**Problem**
All of the records below are to be printed exactly; the pictures are to be left out.

════════════════

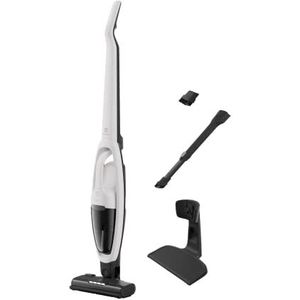 Electrolux Clean 500 Steelstofzuiger ES52CB18SH, 2-1 eenheid, Ergonomisch ontwerp, LED-verlichting, 58% Gerecycleerd plastic, 45 minuten bedrijfstijd, Met oplaadstandaard, Zelfstandig, 3.05 kg, 79 dB,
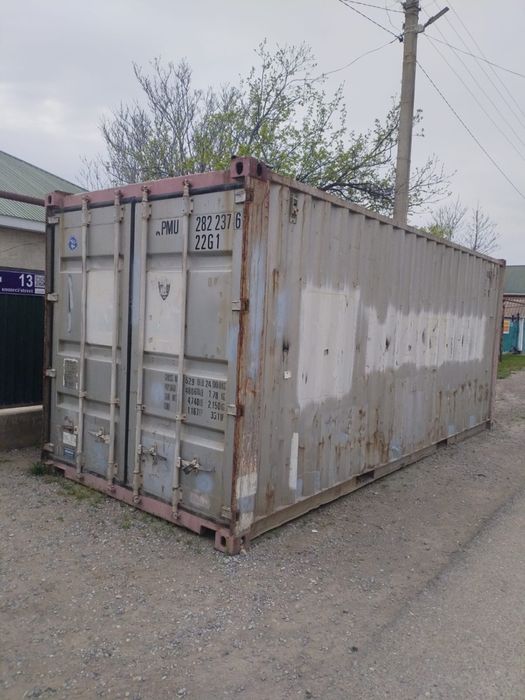 Контейнер 6 метр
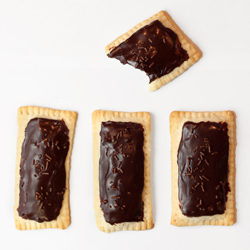 Boston Cream Pie Pop Tarts - Recipe photo by preparedpantry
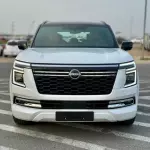 Nissan Petrol LE Platinum 3.5L Petrol 2026 Model Year White Color Exterior  - Thumbnail 2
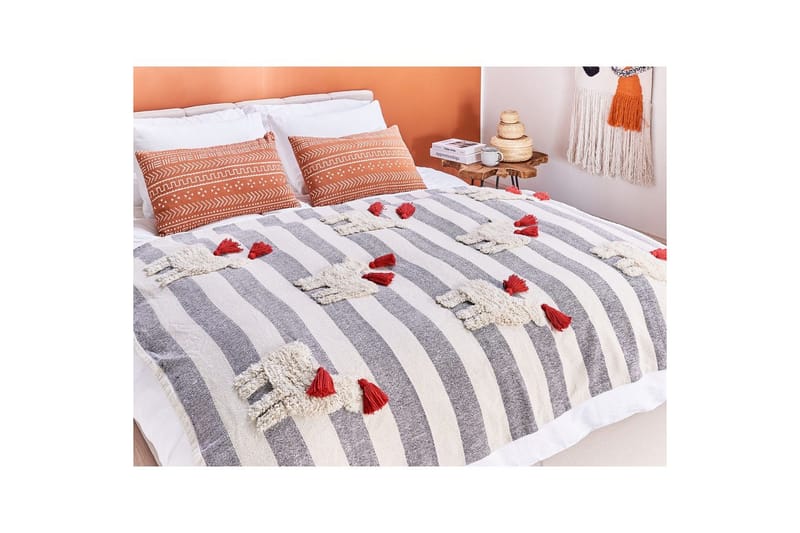 Pledd Namtar - Tekstiler - Pute & pledd - Tepper & pledd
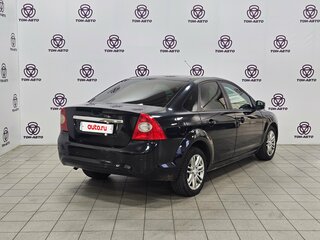 2008 Ford Focus II Рестайлинг, чёрный, 390000 рублей, вид 5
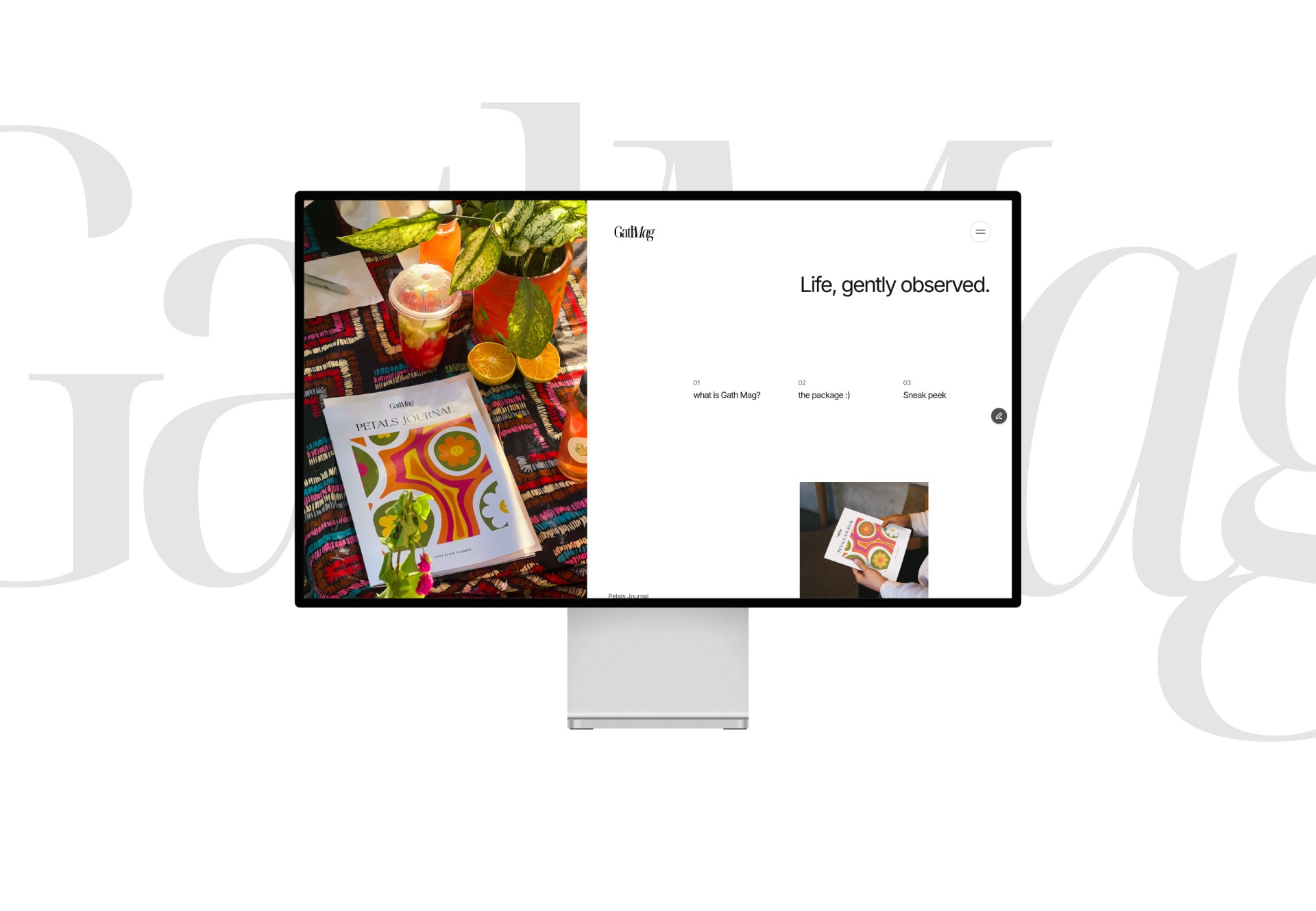 Website-design-magazine-framer-no-code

════════════════

**Written response**
 Electrolux Clean 500 Steelstofzuiger ES52CB18SH, 2-1 eenheid, Ergonomisch ontwerp, LED-verlichting, 58% Gerecycleerd plastic, 45 minuten bedrijfstijd, Met oplaadstandaard, Zelfstandig, 3.05 kg, 79 dB,
 Контейнер 6 метр
 Boston Cream Pie Pop Tarts - Recipe photo by preparedpantry
 Nissan Petrol LE Platinum 3.5L Petrol 2026 Model Year White Color Exterior  - Thumbnail 2
 Pledd Namtar - Tekstiler - Pute & pledd - Tepper & pledd
 2008 Ford Focus II Рестайлинг, чёрный, 390000 рублей, вид 5
 Website-design-magazine-framer-no-code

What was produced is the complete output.